Jim, you do realise that the Gnomes would characterise George Bernard Shaw as a constant spammer?

#4 ::: John Mark Ockerbloom ::: (view all by) ::: April 10, 2012, 10:53 AM:

The book submission form for my free online books directory not infrequently gets hit by stray comment spammers. (It doesn't do any good for them; no submissions are visible at all till I approve them, and spam either gets auto-deleted or manually nuked before it ever gets anywhere near my live catalog.)

Sometimes the spammers' tests misfire, and I see a little bit of the code underlying the spam. Sometimes there's an obvious variable placeholder in the submission. Recently I saw a comment attempt with alternatives in braces, saying something like "This was a {fascinating|interesting} post! I'll recommend it to my {friends|colleagues|parole officer}!" It looks like it's an lame attempt to resist identifying spam by spotting repeats of the exact same phrases, but I suspect it doesn't actually work very well.

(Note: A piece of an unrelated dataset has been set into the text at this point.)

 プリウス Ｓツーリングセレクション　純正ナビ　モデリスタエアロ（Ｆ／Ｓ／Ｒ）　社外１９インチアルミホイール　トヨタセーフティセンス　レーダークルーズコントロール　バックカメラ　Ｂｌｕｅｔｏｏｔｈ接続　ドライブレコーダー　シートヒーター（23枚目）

#5 ::: Kip W ::: (view all by) ::: April 10, 2012, 11:01 AM:

Tonstant Spammer aint tawkin.

#6 ::: Jim Macdonald ::: (view all by) ::: April 10, 2012, 11:10 AM:

Megpie71 #2: I think that the lack of apostrophes (and/or lack of quotemarks) provide some very good clues as to what they're using for delimiters.

Fragano Ledgister #3: If George Bernard Shaw were a frequent commenter here, I'd have to find a new filter.

John Mark Ockerbloom #4 :

I think we have just a bit of the mis-firing mad-lib in the quoted example:

just a little bit far more effort

Just a little bit or far more? Make up your mind, would you?

I too see the mis-fired mad-lib spam with the hints of what lies beneath. My own filters also use multiple-choice matches. E.g.:

/a (useful|informative|helpful|educational|benificial|beneficial) (and|along with) (funny|interesting|amusing) (publication|write.?up|essay|post|article|submitting|submission|script)/i

The language is PERL, and it's trivially easy to create such a filter using Notepad and Google. The spammers themselves provide all the material I need (particularly when we get twenty or thirty nearly-identical posts within a couple of minutes, all from different apparent IP numbers, all with different e-mail addresses and supposed posters' names, but all advertising the same site).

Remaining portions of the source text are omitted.